Edge Case 3: Duplicate Summaries from Retries

If a session crashes after storing the summary but before clearing the turn buffer, a retry will generate and store a second summary covering the same turns. Deduplicate by tagging summaries with a deterministic ID: sha256(case_id + turn_range), then check for existing summaries with that tag before storing.

Edge Case 4: Recalling Raw Turns for Audit

Legal and compliance workflows sometimes need the original verbatim transcript, not just summaries. Store raw turns in a separate namespace (e.g., legal-assistant-audit) at importance 1.0 with a long TTL, outside the decay pipeline. The main agent namespace can decay freely while audit history is preserved.

Edge Case 5: Multi-Topic Sessions

If a single consultation covers multiple unrelated topics (e.g., client discusses both a contract dispute and estate planning), generate separate summaries per topic rather than one combined summary. Use topic detection (keyword-based or LLM-based) to split the turn buffer before summarizing. Tag each summary with its topic for cleaner recall.

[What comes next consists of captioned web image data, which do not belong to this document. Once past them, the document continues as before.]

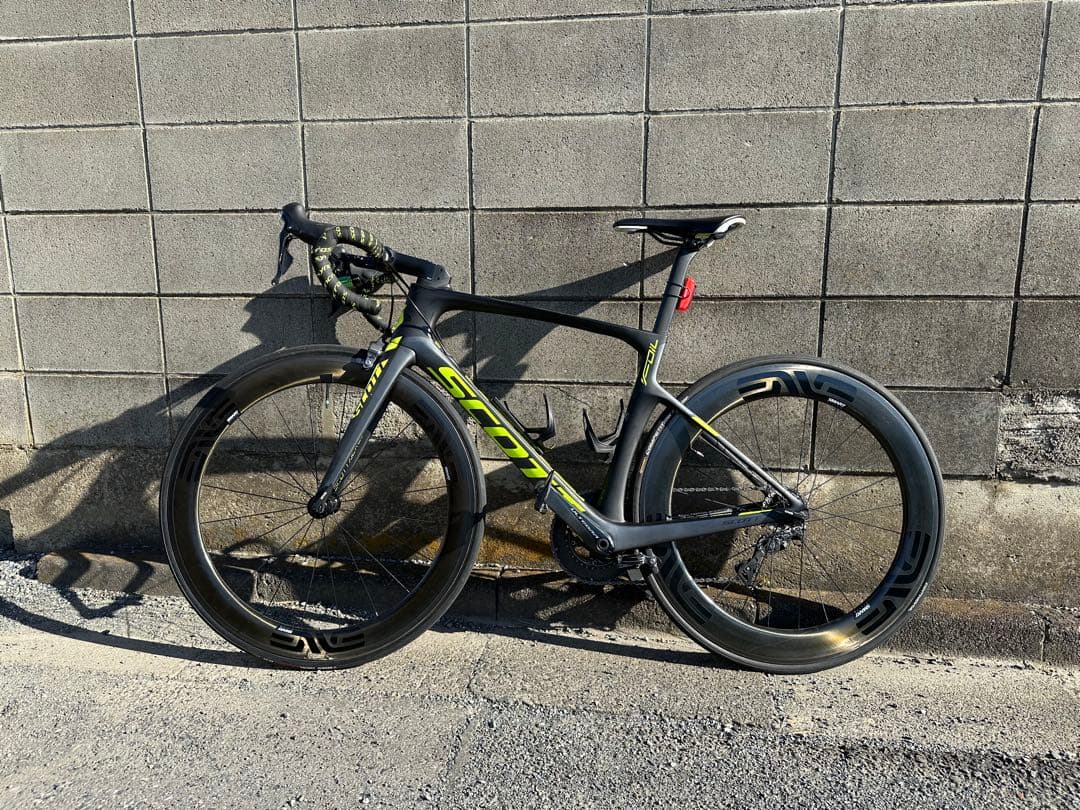 SCOTT FOIL 10 サイズ52、ホイール抜き 交渉可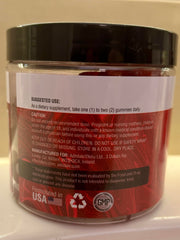 ISO 17025 lab test certificate for Adndale gummies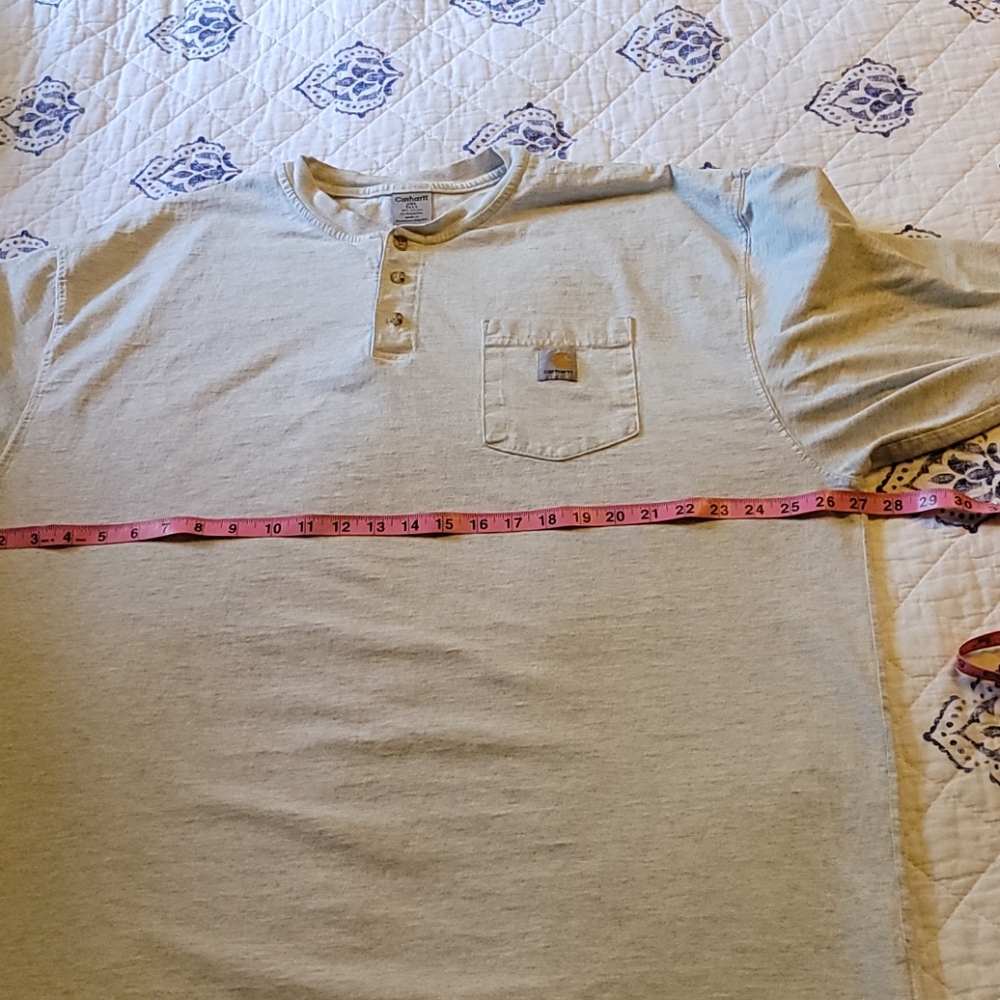 Carhartt Long Sleeve Work T Sz 3XL T - Picture 4 of 8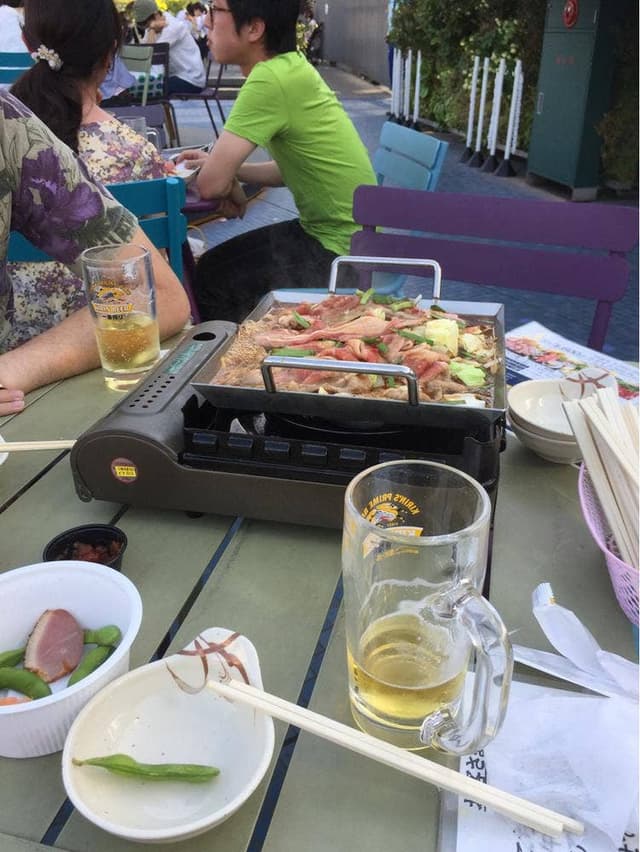 西武池袋本店 屋上ビアテラス - サブ画像2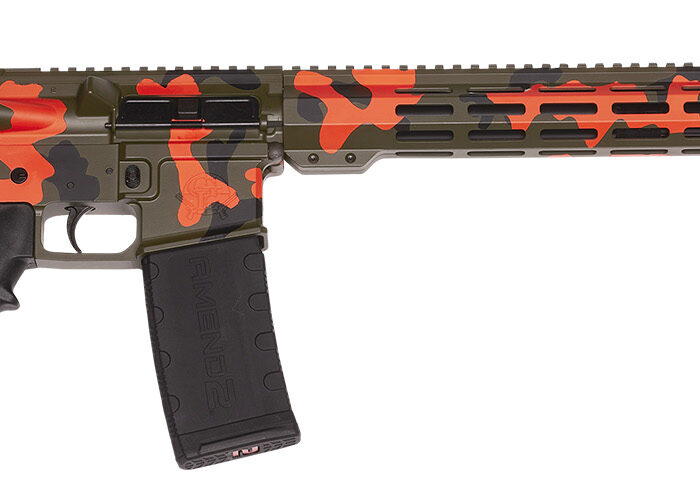 Great Lakes Firearms GL15223MCMP AR-15 Mission 223 Wylde 30+1 16", Deer Camp Camo Rec/15" M-Lok Handguard, Black Carbine Stock & A2 Grip, Muzzle Brake 12 159857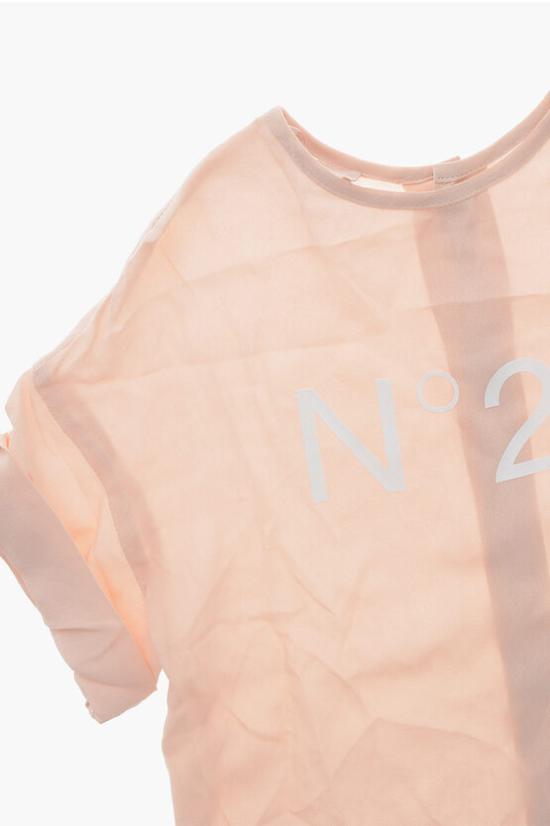  [키즈] 누메로벤투노 셔츠 N21856 N0344 0N316 Pink - N°21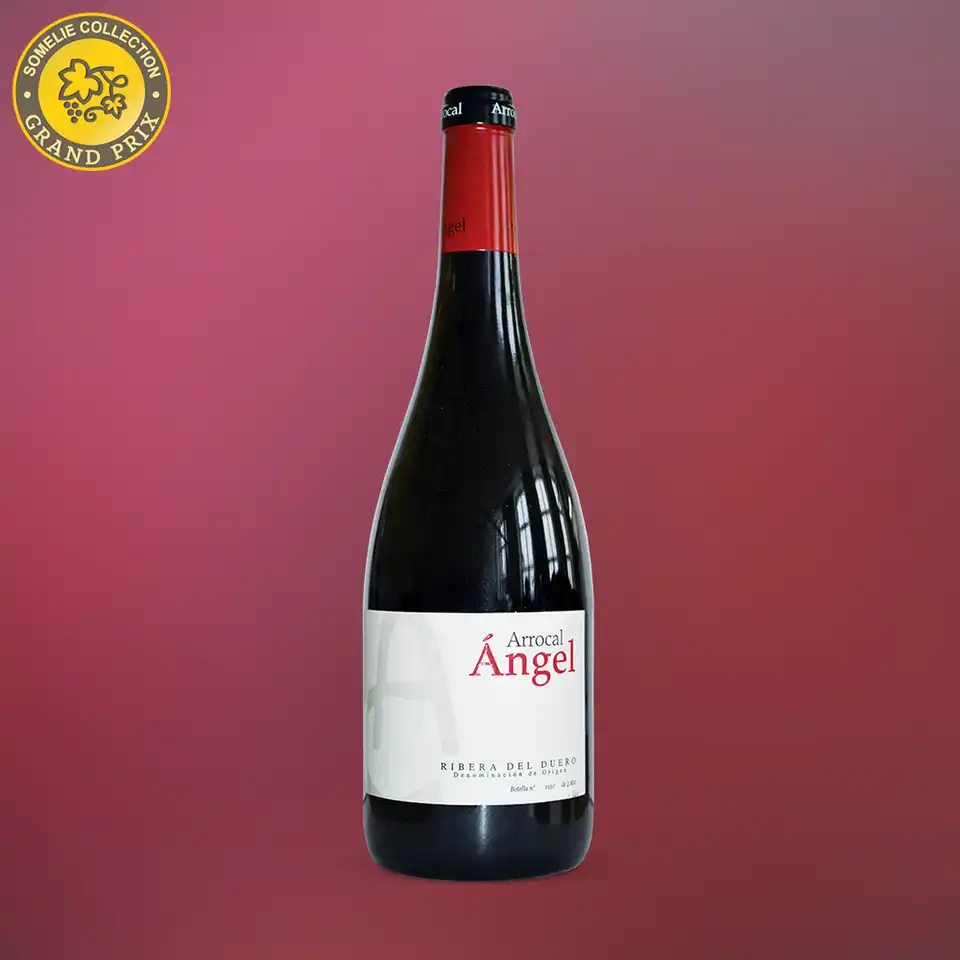 Вино АРРОКАЛЬ АНХЕЛЬ 2014 14% 0.75, красное, сухое, Испания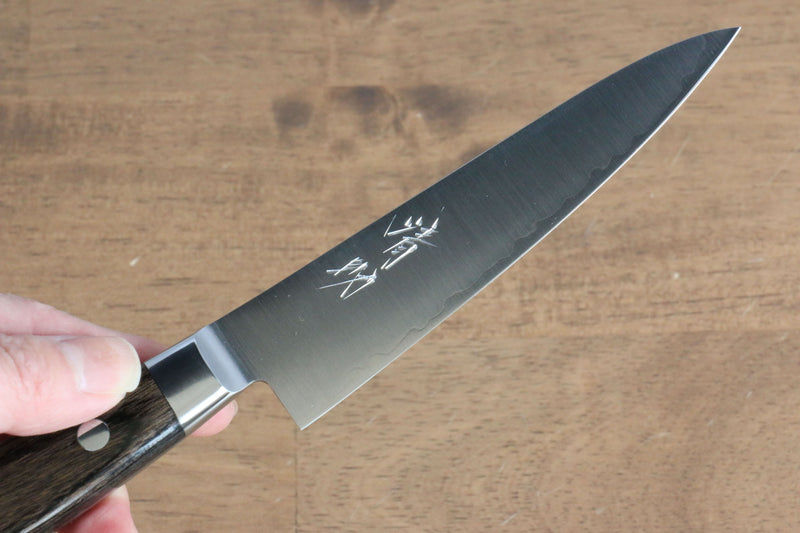 清助 SG2 多用途小刀  120mm 茶色合成木握把 - 清助刃物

Advanced Configuration: Decay Strategies & Summarization Tuning

Importance Levels by Memory Type

Memory TypeRecommended ImportanceExpected Lifetime
Raw greeting / small talk0.1–0.2Hours to 2 days
Conversation turn (factual)0.3–0.43–10 days
Working note / partial summary0.5–0.62–4 weeks
Key fact / decision point0.7–0.8Months
LLM-generated summary0.85–0.95Permanent (no decay)
Identity / case constants1.0Never decays

Summarization Prompt Template

SYSTEM: You are a precise case-note summarizer for legal consultations.
Extract only facts stated by the client. Include:
1. Client full name (if mentioned)
2. Key legal claim(s) and relevant dates
3. Evidence or documents discussed
4. Attorney's requested next steps
5. Any deadlines or court dates mentioned

Output as a single paragraph under 200 words. Use past tense.
Do not infer, speculate, or add information not present in the transcript.

USER: Summarize the following consultation segment:
{TURNS}

Consolidation Schedule

For high-volume systems, run consolidation on a schedule rather than after every session. A daily consolidation job at 2AM local time works well for legal workflows. Use a cron trigger or Dakera's autopilot to schedule it automatically.